Benzos — Should I Wean Off Valium or Can I Stay on It Longer Without Likely Complications?

Discussion in 'Dr. Raymond Ancill (Psychiatrist)' started by dh42, Jun 20, 2016.

    1. dh42

      dh42 Member

      Tinnitus Since:
      Dr. Ancill,

      I have been taking a benzo nightly as prescribed by my Psychiatrist for a little over the last two years. I started in April 2014 on .5 mg of Klonopin nightly for anxiety and insomnia issues (2013 was a stressful year for me as my father passed away and looking after him became very difficult - as that sparked my insomnia and anxiety - and while those issues improved, they are still existent.)

      In November 2014 is when my Tinnitus started. We switched over to Valium just to rule out the Klonopin as the cause and as expected, it made no difference in the Tinnitus. (The Tinnitus started at work one day when I put on some headphones for training which were loud before I got a chance to turn them down; I went to an ENT doctor and took and a hearing test which showed some mild hearing loss. I used to listen to loud music as a teenager - ears checked out normal otherwise).

      On any rate, I've been using 5 to 7.5 mg nightly of Valium and my psych doctor says it's fine for me to continue on it. I've gradually been reducing my dosage (from 10 mg) as my general physician is very opposed to benzos and says I need to wean off it completely. My Psych Dr. says my dosage is low enough not to cause an issue and I don't have profile issues of where it could be a problem (I've never had drug, addiction, or other dependency issues before. I've never drank, smoked, etc. and am very health conscious). He says general doctors tend to overstate the potential problems and he knows of a number of people/patients who have been on the same dosage for years. I feel like it helps me with anxiety and sometimes sleep. I've tried a whole list of antidepressants but couldn't tolerate the side effects which included: Doxepin, Mirtazapine, Lexapro, Paxil, Zoloft, and even Buspar. I do take Trazodone a few nights a week as well for sleep. Benadryl and Melatonin never did much for me and Doxepin helps, but creates a bad "hangover" effect the next day. Still, I might take a low dose of it on the nights I don't take Trazodone.

      Question: should I work towards weaning off the Valium, or can I stay on it longer without likely complications? I have two different doctors telling me different things.

      Note, I do follow sleep hygiene guidelines and CBT, exercise, eat healthy, physically active (cardio and weight training) and am a healthy 44 yr old male. My Tinnitus is very loud about 3 days per week where as the other days it seems to not bother me. Lately, my T has been high though and annoying!

      Thank you,

    2. Dr. Ancill

      Dr. Ancill Member Clinician

      Tinnitus Since:

      First of all, I can only speak in general as I cannot interfere with or undermine your care from another specialist who know you far better than I can.

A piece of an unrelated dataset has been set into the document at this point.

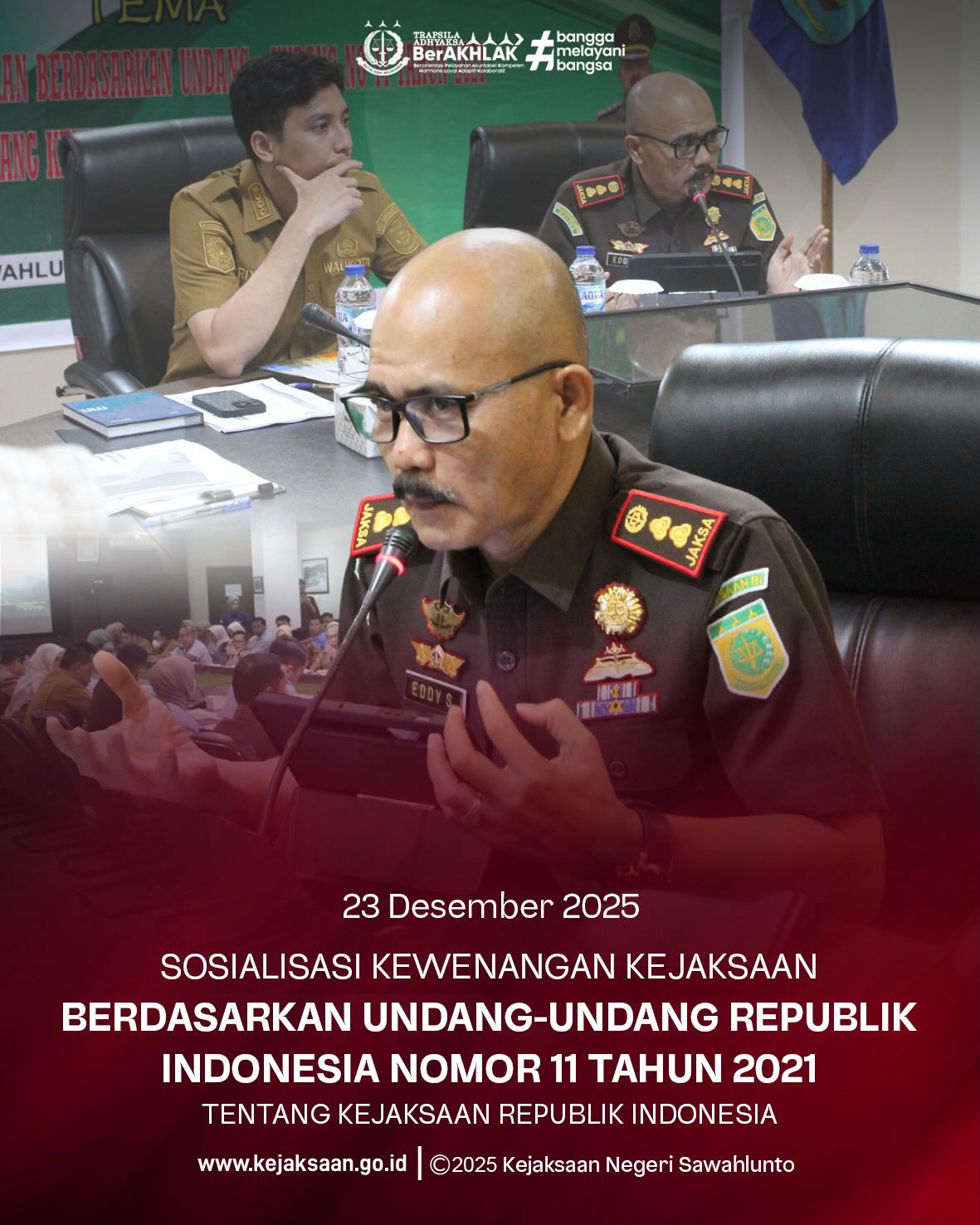 Bahwa pada hari Selasa tanggal 23 Desember 2025, Pukul 09.00 Wib, bertempat di Ruang Rapat M. Yamin Balaikota Sawahlunto, Kepala Kejaksaan Negeri Sawahlunto, Bapak Eddy Samrah L, S.H., M.H., beserta Para Kasi menjadi Narasumber pada Sosialisasi Kewenangan Kejaksaan berdasarkan Undang-Undang Republik Indonesia Nomor 11 Tahun 2021 tentang Kejaksaan Republik Indonesia.Dalam rangka meningkatkan pemahaman hukum serta kesadaran masyarakat terhadap Tugas Pokok dan Fungsi masing-masing Bidang pada Kejaksaan.Kegiatan ini bertujuan untuk memberikan edukasi hukum secara komprehensif, memperkuat nilai integritas, serta mendorong peran aktif masyarakat dan aparatur pemerintah dalam penegakan hukum.Melalui penerangan hukum ini diharapkan tercipta budaya taat hukum serta terwujudnya pemerintahan yang bersih, transparan, dan berkeadilan di Kota Sawahlunto. - from Instagram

      I would strongly suggest that you allow your psychiatrist to manage your psychotropic medications, especially the diazepam (Valium). Your general physician is likely 'benzophobic' as many GPs are because that is 'politically correct' in out current medical climate. However, for many patients, low dose benzos are often well-tolerated and effective - especially when compared the medications that some doctors will use instead, such as antipsychotics (quetiapine, risperidone, etc).

      I note that many of the antidepressnats you have been tried on are all from the same class (SSRI). It might be helpful to try ones from a different class - eg. buproprion, moclobemide. You can discuss this with your psychiatrist.

      I am confident that clonazepam (Klonipin) did not cause the tinnitus as yours (like mine) is associated with hearing loss.

      Also like yours, my tinnitus can be annoying at times and over recent weeks, I have perceived it as louder - it is not actually louder but some of my habituation has slipped. Anyway, we just have to keep going and persevere.